Arrivé au terme de cette étude, il ne nous reste qu'un voeu à exprimer, c'est celui-ci: Puisse-t-elle n'avoir pas été absolument inutile. Ce voeu se réalisera, si nous avons réussi à communiquer aux lecteurs du Musée neuchâtelois quelque chose de l'admiration respectueuse que nous éprouvons pour cet homme de bien, ce grand magistrat qui fut un des plus grands et des meilleurs citoyens que notre pays ait eu l'honneur de compter au nombre de ses enfants.

V. Humbert            

Musée neuchâtelois 1894, p. 76, 101, 125
 
 
Mais en octobre 1895, Arthur Piaget, ancien et brillant élève de Gabriel Monod et de Gaston Paris, révélait, au scandale des Neuchâtelois, que la Chronique des Chanoines n'était en fait qu'un habile pastiche datant du XVIIIème siècle. L'auteur, selon Piaget, était un conseiller d'Etat neuchâtelois, Samuel Pury (1675-1752). Sur l'inauthenticité du document la lumière était faite. Mais sur l'identité du pasticheur tout était loin d'être dit. Dès 1895, Piaget établissait des rapprochements entre la Chronique apocryphe et un autre "classique" de l'historiographie neuchâteloise: les Mémoires sur le Comté de Neuchâtel en Suisse du chancelier Georges de Montmollin (1628-1703). Ces Mémoires font en effet mention "d'un registre que tenaient les chanoines depuis l'an 1300...", registre dont Montmollin affirme aussitôt qu'il n'a eu nulle connaissance. Cette dénégation, il faut en convenir, est troublante, d'autant plus qu'une note des Mémoires, potérieure à la mort du chancelier, nous apprend que le fameux registre avait été brûlé dans un incendie, qui, en effet, détruisit quelques bâtiments officiels, à Neuchâtel, en 1714. Heureusement des extraits de la Chronique des chanoines avaient été copiés ! Tout cela, décidément, se révélait bien étrange.

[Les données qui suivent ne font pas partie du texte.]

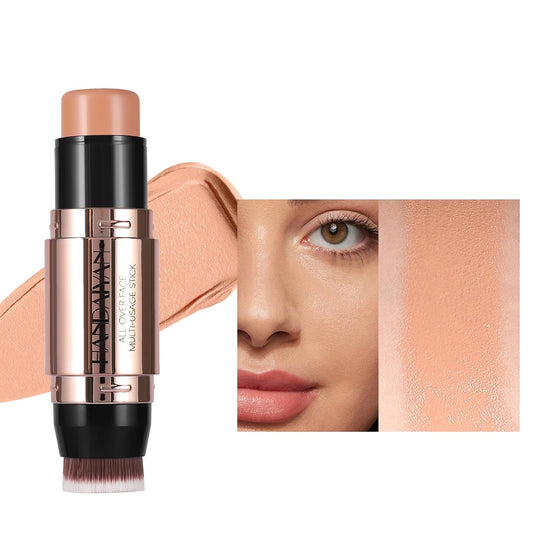 8 Colors Cream Contour Sticks Makeup Kit, Dual-Ended Concealer Stick With Soft Brush, Non-Greasy Long-Wear Face Primer Multi-Use Contouring Pen, Full Coverage Shades Corrector Concealer (05#)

Il fallut attendre jusqu'en 1928 pour qu'un autre érudit neuchâtelois, Jules Jeanjaquet, aboutit à la conclusion que les deux documents ont été fabriqués de toutes pièces par un même auteur, vers 1765. Cet auteur est le propre neveu de Samuel Pury, Abraham Pury, un Neuchâtelois que connaissent bien les spécialistes de J-J. Rousseau, puisqu'il fut, entre 1762 et 1765, l'un des familiers du "Citoyen" pendant la période de Môtier-Travers.